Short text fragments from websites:
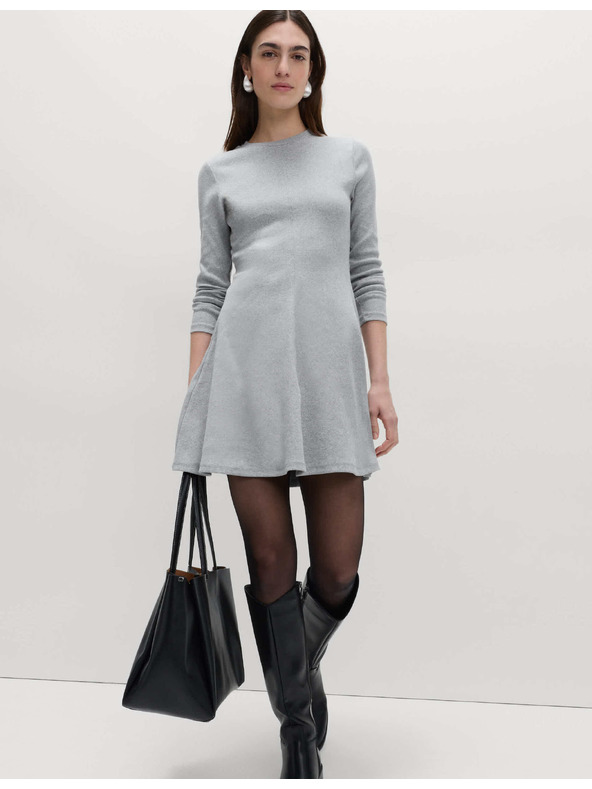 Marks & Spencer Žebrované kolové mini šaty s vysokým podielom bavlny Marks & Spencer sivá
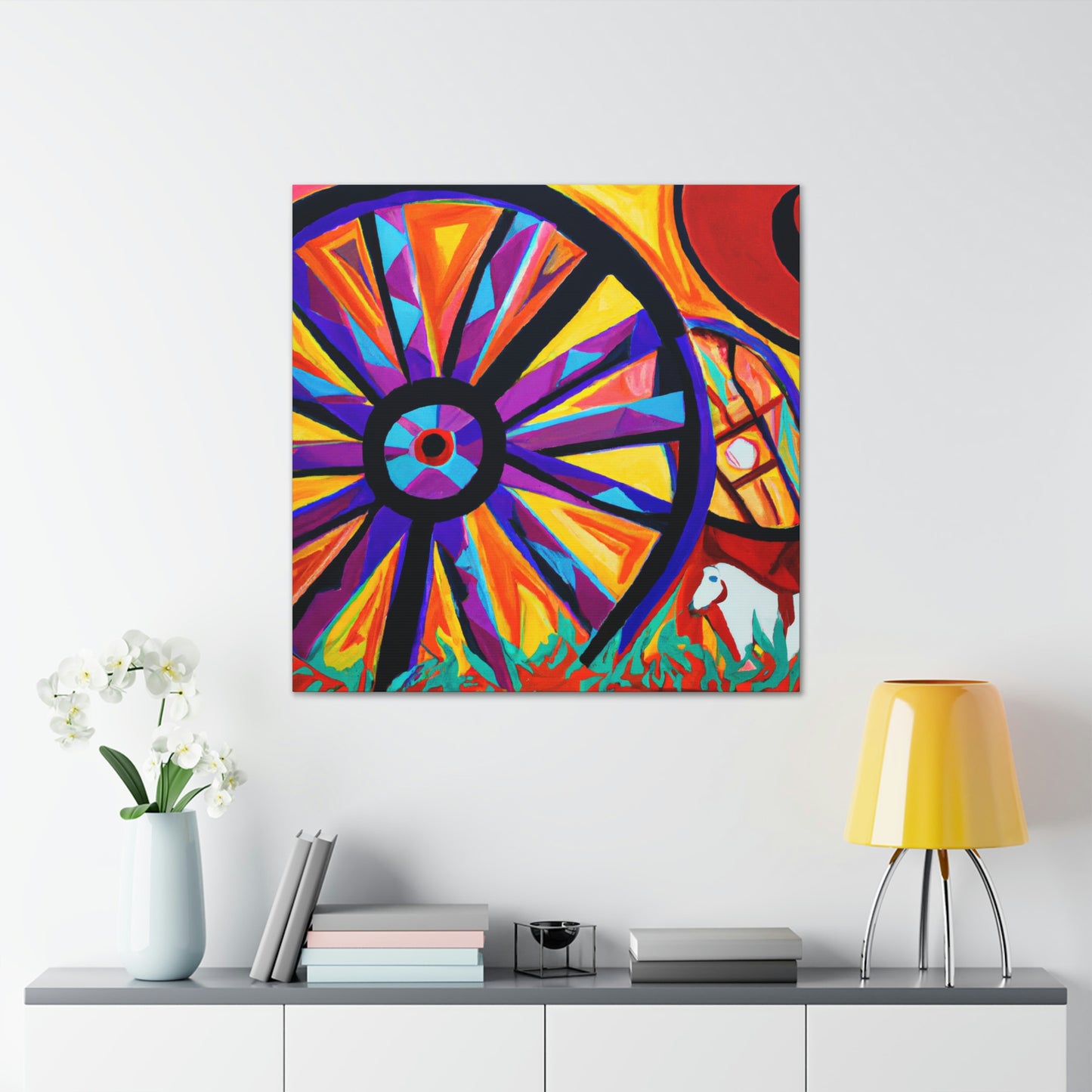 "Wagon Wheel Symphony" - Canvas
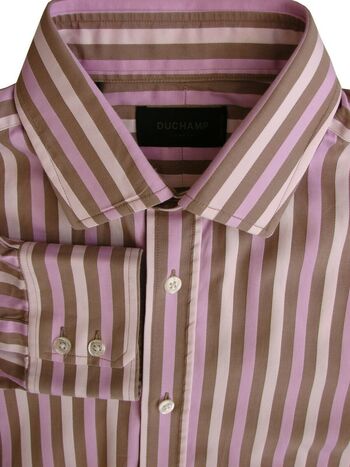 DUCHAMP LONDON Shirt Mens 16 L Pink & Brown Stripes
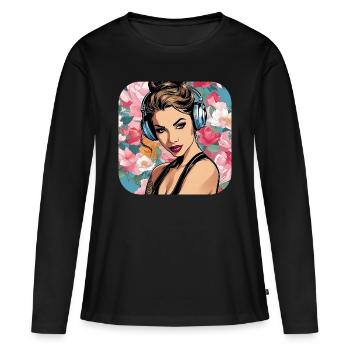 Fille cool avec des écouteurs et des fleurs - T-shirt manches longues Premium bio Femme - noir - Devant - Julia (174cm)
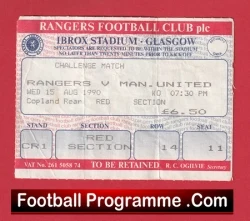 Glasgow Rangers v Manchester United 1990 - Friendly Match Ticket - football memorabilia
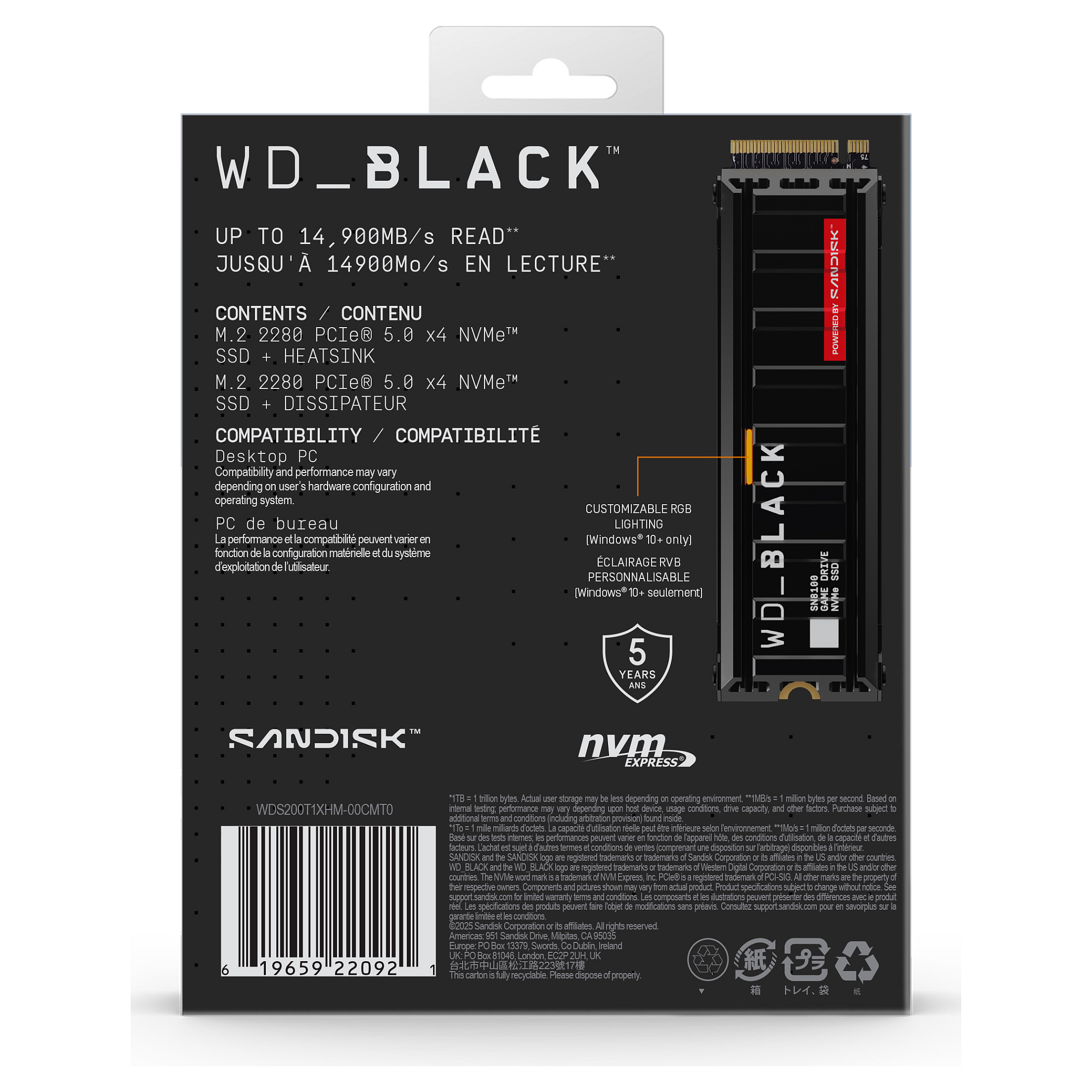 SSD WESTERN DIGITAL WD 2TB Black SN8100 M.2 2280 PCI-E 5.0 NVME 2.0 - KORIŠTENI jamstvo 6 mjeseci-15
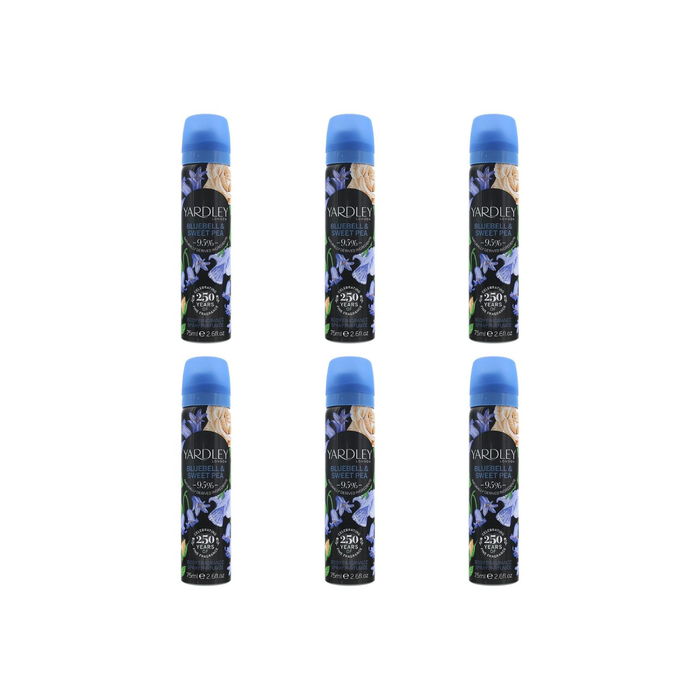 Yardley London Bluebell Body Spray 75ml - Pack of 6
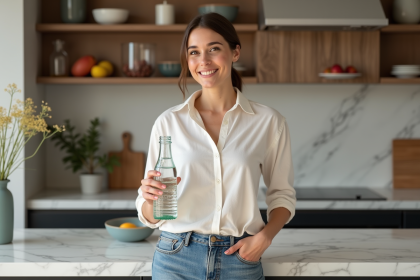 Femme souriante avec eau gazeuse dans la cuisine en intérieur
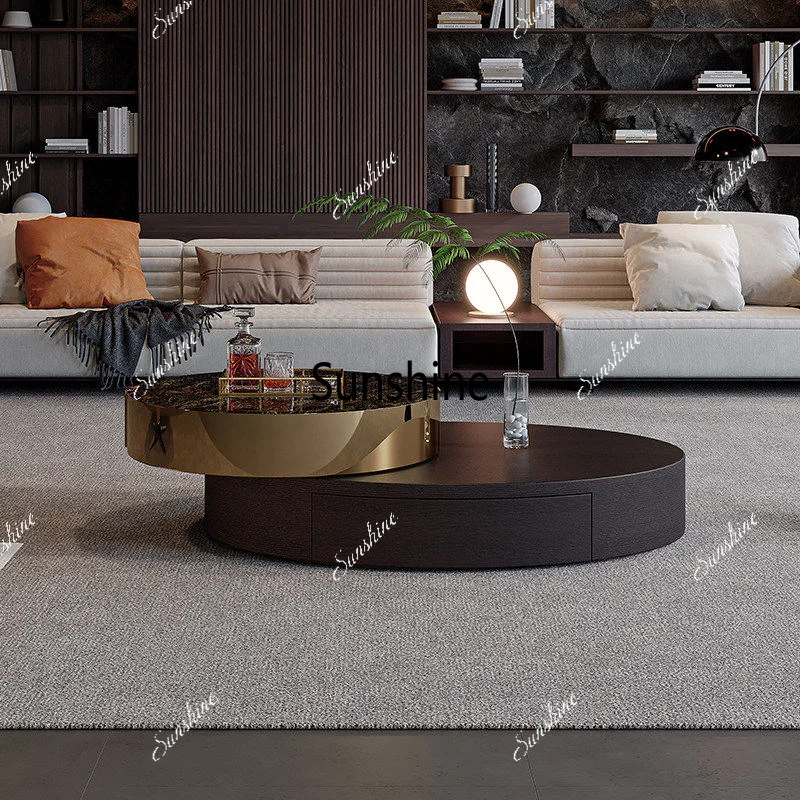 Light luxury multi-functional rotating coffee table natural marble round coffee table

(TASK TO CARRY OUT): Would you copy all of the data exactly? Keep the pictures out of it.

(WRITTEN RESPONSE):
 Marks & Spencer Žebrované kolové mini šaty s vysokým podielom bavlny Marks & Spencer sivá
 "Wagon Wheel Symphony" - Canvas
 DUCHAMP LONDON Shirt Mens 16 L Pink & Brown Stripes
 Fille cool avec des écouteurs et des fleurs - T-shirt manches longues Premium bio Femme - noir - Devant - Julia (174cm)
 Glasgow Rangers v Manchester United 1990 - Friendly Match Ticket - football memorabilia
 SSD WESTERN DIGITAL WD 2TB Black SN8100 M.2 2280 PCI-E 5.0 NVME 2.0 - KORIŠTENI jamstvo 6 mjeseci-15
 Yardley London Bluebell Body Spray 75ml - Pack of 6
 Femme souriante avec eau gazeuse dans la cuisine en intérieur
 Light luxury multi-functional rotating coffee table natural marble round coffee table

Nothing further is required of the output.